On Fri, Jun 06, 2025 at 01:20:48PM +0200, Christian König wrote:
dmabuf acts as a driver and shouldn't be handled by VFS, so I made dmabuf implement copy_file_range callbacks to support direct I/O zero-copy. I'm open to both approaches. What's the preference of VFS experts?
That would probably be illegal. Using the sg_table in the DMA-buf implementation turned out to be a mistake.
Two thing here that should not be directly conflated. Using the sg_table was a huge mistake, and we should try to move dmabuf to switch that to a pure dma_addr_t/len array now that the new DMA API supporting that has been merged. Is there any chance the dma-buf maintainers could start to kick this off? I'm of course happy to assist.
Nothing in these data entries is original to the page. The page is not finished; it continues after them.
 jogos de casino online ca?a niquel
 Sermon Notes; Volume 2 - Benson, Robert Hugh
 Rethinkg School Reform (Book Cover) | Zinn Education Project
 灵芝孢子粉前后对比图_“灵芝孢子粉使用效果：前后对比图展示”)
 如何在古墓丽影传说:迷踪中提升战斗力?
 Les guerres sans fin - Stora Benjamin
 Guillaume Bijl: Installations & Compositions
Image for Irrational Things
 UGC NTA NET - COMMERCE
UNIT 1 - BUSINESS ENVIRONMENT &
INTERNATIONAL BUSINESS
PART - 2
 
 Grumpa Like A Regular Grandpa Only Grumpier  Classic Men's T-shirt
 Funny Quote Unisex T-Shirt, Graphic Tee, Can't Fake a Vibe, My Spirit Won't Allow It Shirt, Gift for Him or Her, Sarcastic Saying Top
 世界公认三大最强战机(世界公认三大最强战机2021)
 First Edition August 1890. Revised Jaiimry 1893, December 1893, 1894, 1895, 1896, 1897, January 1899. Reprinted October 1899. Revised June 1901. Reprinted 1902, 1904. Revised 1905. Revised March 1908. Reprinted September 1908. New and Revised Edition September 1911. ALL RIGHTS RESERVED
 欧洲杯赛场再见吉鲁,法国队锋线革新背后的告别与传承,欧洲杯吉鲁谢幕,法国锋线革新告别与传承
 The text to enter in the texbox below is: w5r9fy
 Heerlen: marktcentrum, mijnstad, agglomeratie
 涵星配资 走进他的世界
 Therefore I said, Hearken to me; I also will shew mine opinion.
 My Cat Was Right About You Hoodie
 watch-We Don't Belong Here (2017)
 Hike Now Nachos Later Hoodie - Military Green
But that notwithstanding, dma-buf is THE buffer sharing mechanism in the kernel, and we should promote it instead of reinventing it badly. And there is a use case for having a fully DMA mapped buffer in the block layer and I/O path, especially on systems with an IOMMU. So having an iov_iter backed by a dma-buf would be extremely helpful. That's mostly lib/iov_iter.c code, not VFS, though.
The question Christoph raised was rather why is your CPU so slow that walking the page tables has a significant overhead compared to the actual I/O?
Yes, that's really puzzling and should be addressed first.